Il y a aussi leur rôle fondamental dans les écosystèmes marins qui mérite d’être souligné. En effet, les océans sont de gigantesques réservoirs de virus qui y jouent un rôle important dans le cycle du carbone. Les spécialistes des microbes océaniques pensent qu’il y aurait en moyenne 10 millions de virus par millilitre d’eau marine et qu’il s’y produirait environ 1023 infections virales par seconde. Ici, les virus semblent agir comme des justiciers pour garder les cycles des microbes en équilibre.

En ces temps de pandémie, il y a dans ce rôle de régulateur qui leur est attribué en milieu marin un concept dont je voudrais particulièrement vous parler. Ce concept bien connu des virologues marins, c’est l’hypothèse du « kill-the-winner » ou « tuer le gagnant ». Cette théorie élaborée en 1997 par deux chercheurs, Frede Thingstad et Risto Lignell, a de quoi faire réfléchir l’humanité. En effet, elle prédit que dans le grouillant monde microscopique des océans, lorsque les ressources sont limitées, les virus sévissent préférentiellement sur l’espèce la plus abondante et la plus compétitive.

En s’attaquant à ces gourmands qui accaparent les ressources sans partage, les virus redonnent à d’autres groupes de microorganismes la place qui leur revient et favorisent ainsi la biodiversité dans les écosystèmes.

Même s’il n’est pas un animal marin, il y a dans cette découverte de quoi faire réfléchir Sapiens qui, au nom de sa seule croissance économique, a massacré profondément en si peu de temps ce que la Terre a mis plus de 3,5 milliards d’années à construire. On gagnerait peut-être à se questionner de façon plus introspective devant ces salves virales de plus en plus fréquentes sur les incontestables grands gagnants de la création que nous sommes. Aujourd’hui, nous sommes dans cette position de domination fatale à la biodiversité que les virus n’aiment pas voir se produire dans le monde des microbes marins.

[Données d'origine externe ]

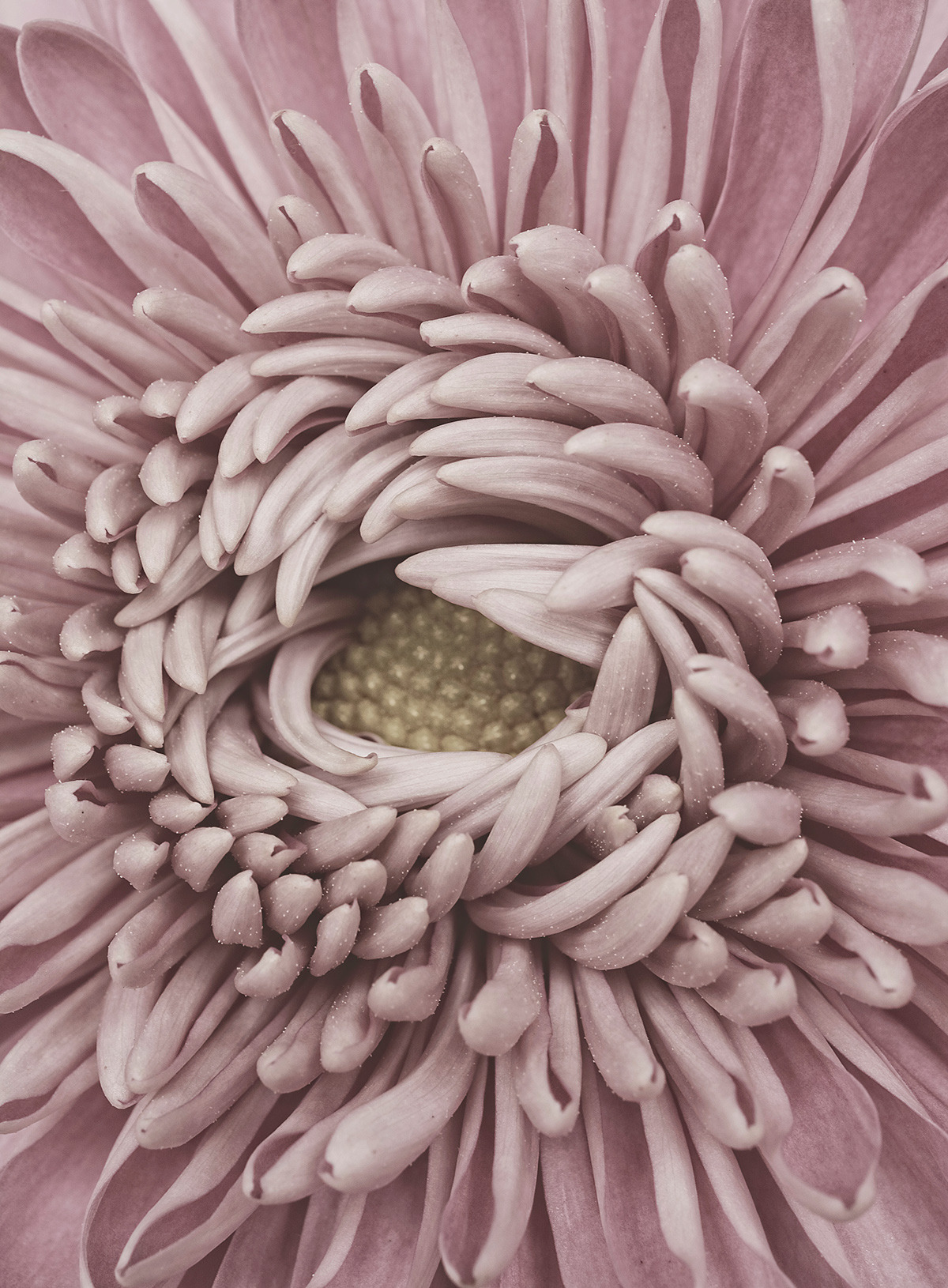 floralls:    Chrysanthemum    by Â Bettina GÃ¼ber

Moi, j’ai grandi dans une tradition animiste où on devait garder un œil sur les vivants et un autre sur les ancêtres qui pouvaient nous récompenser pour nos bonnes actions ou, au contraire, nous punir pour notre égoïsme et notre manque de respect envers le caractère sacré de la vie. Il se trouve que les virus et les bactéries font partie des ancêtres originels de la biodiversité planétaire. L’humanité, c’est l’étoile qui ne brille pas toujours par sa sagesse au-dessus de l’arbre généalogique de la vie. Peut-être qu’au-delà de cette confiance inébranlable à notre puissant cerveau trouveur de solutions, il faudrait écouter et décoder un peu plus sagement les messages parfois codés que nous envoie la nature en ces temps de turbulence écologique.